The iterator returns objects of type Result. If FT is an exact number type, then a center coordinate is represented by a pair $$(a,b)$$ describing the real number $$a+b\sqrt{t}$$, where $$t$$ is the minsphere's discriminant (cf. discriminant()).

Precondition
minsphere is not empty.

## ◆ center_cartesian_end()

template<typename Traits >
 Cartesian_const_iterator CGAL::Min_sphere_of_spheres_d< Traits >::center_cartesian_end ( ) const

returns the corresponding past-the-end iterator, i.e. center_cartesian_begin()+Traits::D.

Precondition
minsphere is not empty.

## ◆ discriminant()

template<typename Traits >
 const FT& CGAL::Min_sphere_of_spheres_d< Traits >::discriminant ( ) const

returns the discriminant of minsphere.

This number is undefined when FT is an inexact number type. When FT is exact, the center coordinates and the radius of the minsphere are numbers of the form $$a+b\sqrt{t}$$, where $$t$$ is the discriminant of the minsphere as returned by this function.

Precondition
minsphere is not empty, and FT is an exact number type.

## ◆ insert()

template<typename Traits >
template<class InputIterator >
 void CGAL::Min_sphere_of_spheres_d< Traits >::insert ( InputIterator first, InputIterator last )

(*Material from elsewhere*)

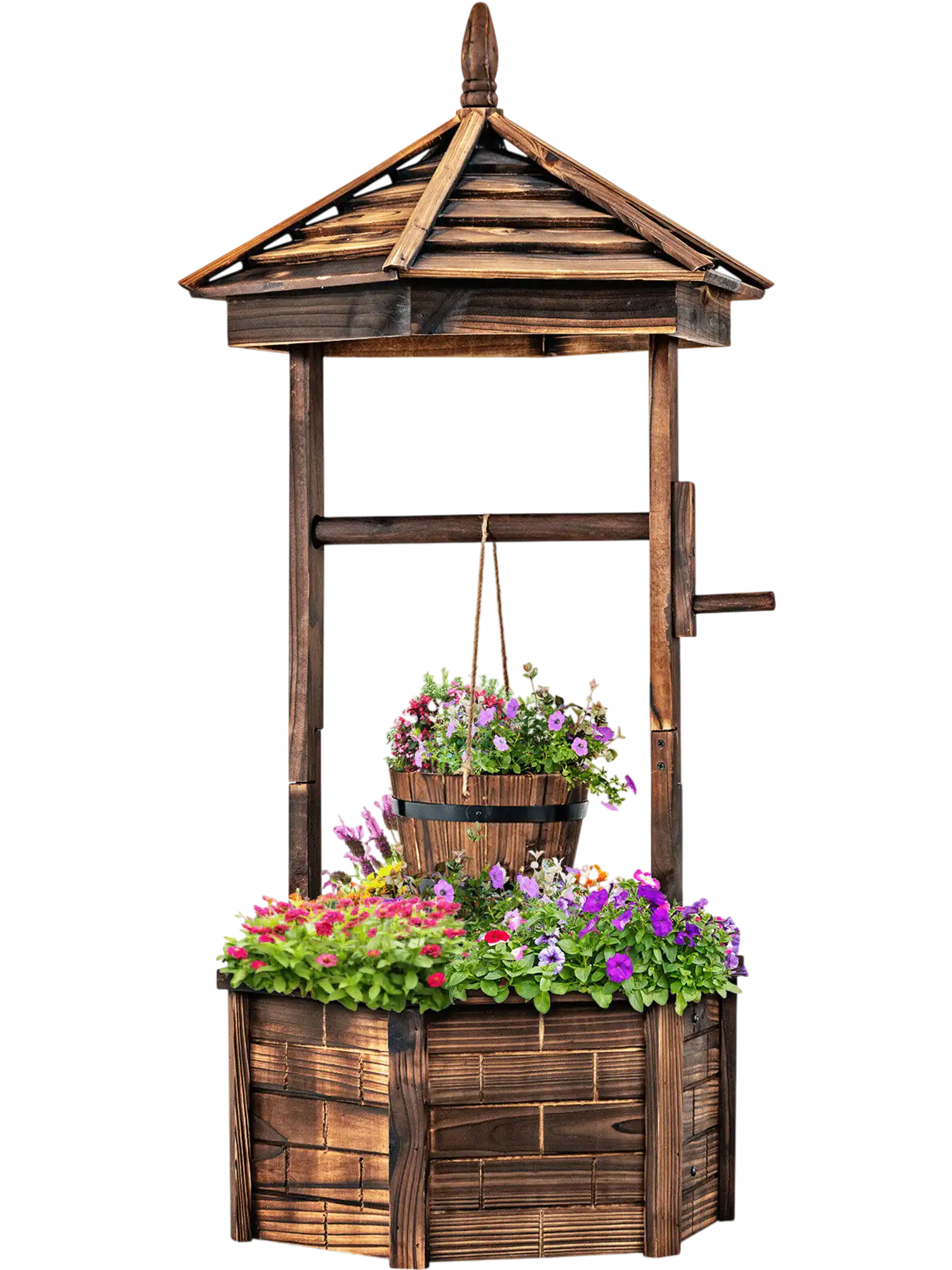 Costway Rustic Wooden Wishing Well Planter Adjustable Hanging Bucket 29465870 New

inserts the spheres in the range [first,last) into the set $$S$$ of instance minsphere.

Template Parameters
 InputIterator is a model of InputIterator with Sphere as value type.

## ◆ is_valid()

template<typename Traits >
 bool CGAL::Min_sphere_of_spheres_d< Traits >::is_valid ( ) const

returns true, iff minsphere is valid.

When FT is inexact, this routine always returns true.

template<typename Traits >
 Result CGAL::Min_sphere_of_spheres_d< Traits >::radius ( ) const

returns the radius of minsphere.

If FT is an exact number type then the radius of the minsphere is the real number $$a+b\sqrt{t}$$, where $$t$$ is the minsphere's discriminant, $$a$$ is the first and $$b$$ the second component of the pair returned by radius().

Precondition
minsphere is not empty.

## ◆ set()

template<typename Traits >
template<class InputIterator >
 void CGAL::Min_sphere_of_spheres_d< Traits >::set ( InputIterator first, InputIterator last )

sets minsphere to the $$ms(S)$$, where $$S$$ is the set of spheres in the range [first,last).

Template Parameters
 InputIterator is a model of InputIterator with Sphere as value type.